Hadi gelin sizi 2019 yılına götüreyim...
İmamoğlu belediye başkanı olmuş; ardından da "İBB kaynakları peşkeş çekildi" haberleri dolaşıma sokulmuştu. CHP'li Veli Ağbaba da işte o sırada dolduruşa gelenler arasındaydı.
20 Nisan 2019'da paylaştığı mesajı aynen buraya alıntılıyorum: "AKP neden mahkemeye başvurup kayıtların yedeklenmesini engellemek istiyor?
Cumhurbaşkanı Erdoğan'ın damadı Selçuk Bayraktar'ın mütevelli heyeti başkanı olduğu T3 Vakfı'na 41.1 trilyon lira destek verilmiş."
T3 Vakfı adına Selçuk Bayraktar bu iddiayı ki artık mahkeme kararıyla iftira olduğu sabit, hemen yalanladı. "İBB'den tek kuruş almadık" dedi.
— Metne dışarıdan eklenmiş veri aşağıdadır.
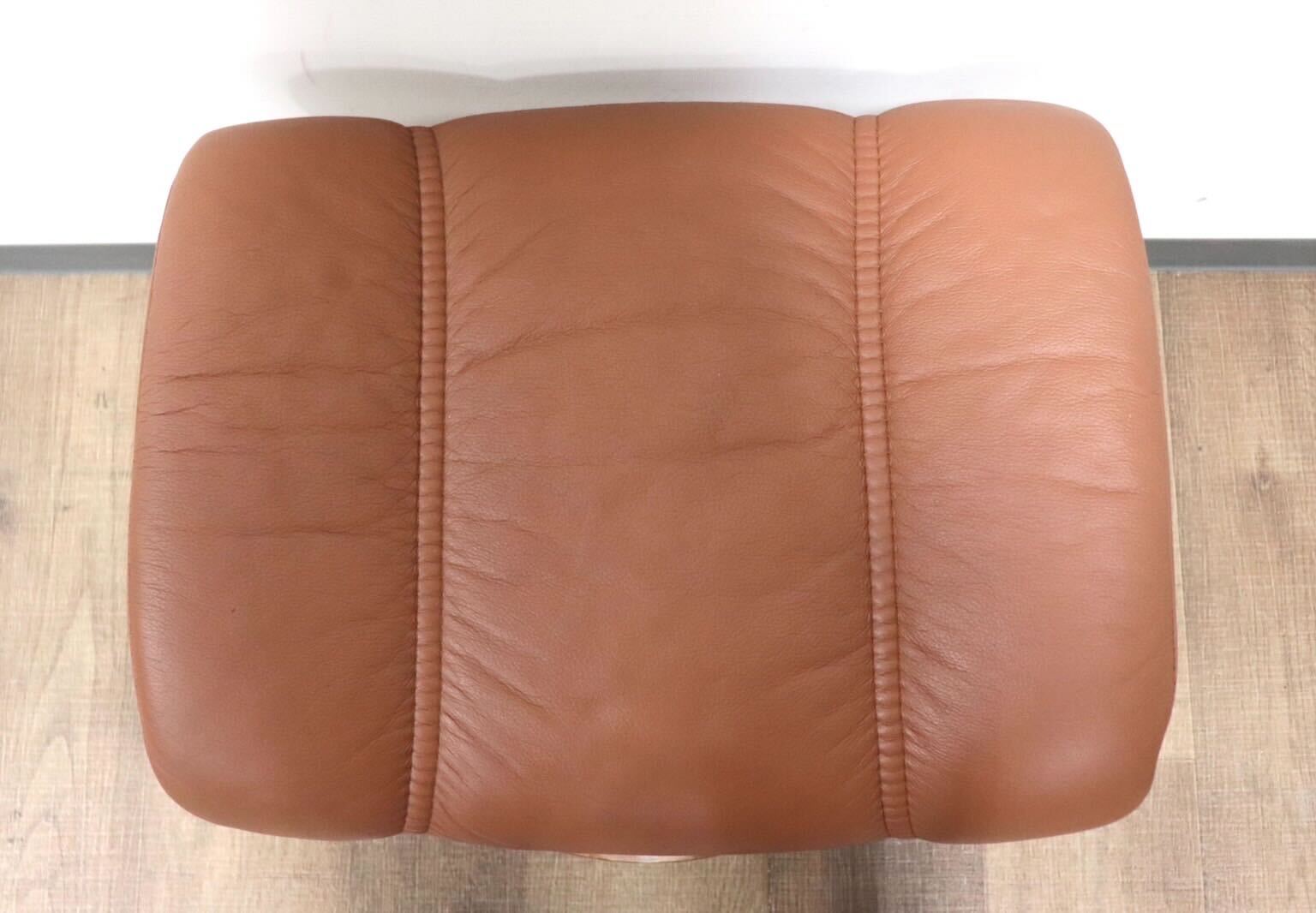 GMGS246A○EKORNES / エコーネス オットマン フットスツール 本革 北欧 ノルウェー ワインレッド ライトブラウン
Konuyu yargıya taşıdı. İşte o 40 bin lira o davanın tazminatı... Ama benim asıl dikkatinizi çekmek istediğim mesele o mesajdaki "AK Parti verilerin kopyalanmasını bu yüzden engellemek istiyor" iddiası...
Şimdi Ağbaba'nın sorması gereken iki soru var.
Birincisi "O dönem beni bu yalanlara kim alet etti, asıl hırsızlıkları örtmek için beni mi kullandılar?"
İkincisiyse "İmamoğlu Suç Örgütü Davası'nda kendisini bu kumpasa düşürenleri savunmaya devam mı edecek?"
Zira o dönem eline sözde belgeler verip "40 bin lira travması"na sebep olanlar şimdi de çıkıp yargılamalara karşı göğsünü siper etmesini istiyor olabilir mi?

NENE HATUN'UN KEMİKLERİ SIZLADI
CHP Genel Başkanı Özgür Özel, Atatürk'ün arkasına saklanıp, siyaset yapmaya çalışırken baltayı bir kez daha taşa vurdu.
"İmamoğlu Suç Örgütü"nü savunmak, vatandaşı harekete geçirmek için Seyid Onbaşı, Nene Hatun'dan örnekler verdi.
İmamoğlu ile Seyid Onbaşı'nın ne alakası var siz takdir edin.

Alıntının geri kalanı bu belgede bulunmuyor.